Amaya est maintenant au téléphone. Quand elle raccroche, elle fait le bilan de la conversation : « ils disent qu’il faut que nous sortions, que vous m’aidiez à sortir mes affaires si vous pouvez et que si vous sortez tous pacifiquement, il ne se passera rien. » La mort dans l’âme, le comité s’exécute.

Dehors, de nombreux manifestants, entourés de CRS encore bien plus nombreux, scandent une fois de plus : « Tu n’es pas seule, nous sommes avec toi ! » Le dispositif policier est impressionnant, il encercle tout le quartier. Certains expriment leur colère, pendant qu’une ambulance repart à vide, sa présence étant le signe qu’on s’attendait à ce que ça tourne mal.

Amaya pleure dans les bras d’une amie, pendant qu’un policier leur tourne le dos avec indifférence.

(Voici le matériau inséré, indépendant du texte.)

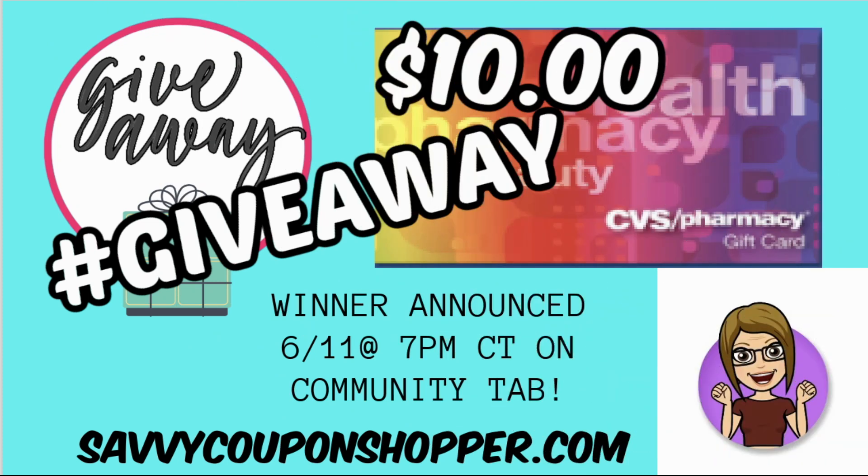I want to throw in a quick speed giveaway. The winner will be announced June 11th, Friday at 7 p.m. Central Time on my Community tab. Thank you guys for watching and hanging in there with CVS and Walgreens couponing issues, and still getting up, getting out, and saving money. It's a $10 CVS e-card giveaway. In the comments, make sure you're a subscriber, like this video, and comment hashtag giveaway. One winner announced on the Community tab.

Alors que des militants prennent à partie un policier, celui-ci met immédiatement fin à la discussion : « D’accord, d’accord, c’est bien, tu peux continuer » lâche-t-il à une militante qui refuse de se taire.

Les affaires d’Amaya sont désormais réunies sur le trottoir. On les a recouvertes d’un film plastique, la pluie commence à tomber.

Les militants véhiculés tentent d’embarquer un maximum d’affaire dans leur voiture, pour les mettre en sécurité.

La profonde crise économique que vit l’Espagne a fait grimper le chômage à 26 % de la population active, un niveau record, ce qui a multiplié les cas d’expulsions pour loyers ou prêts hypothécaires impayés. Depuis que la crise a éclaté en 2008 on a enregistré en Espagne plus de 400 000 saisies et une grande partie d’entre elles s’est terminée par la perte du logement. Selon les données de l’organisation Stop Desahucios, 34% des suicides en Espagne sont motivés précisément par les expulsions, qui sont au nombre d’environ 500 par jour.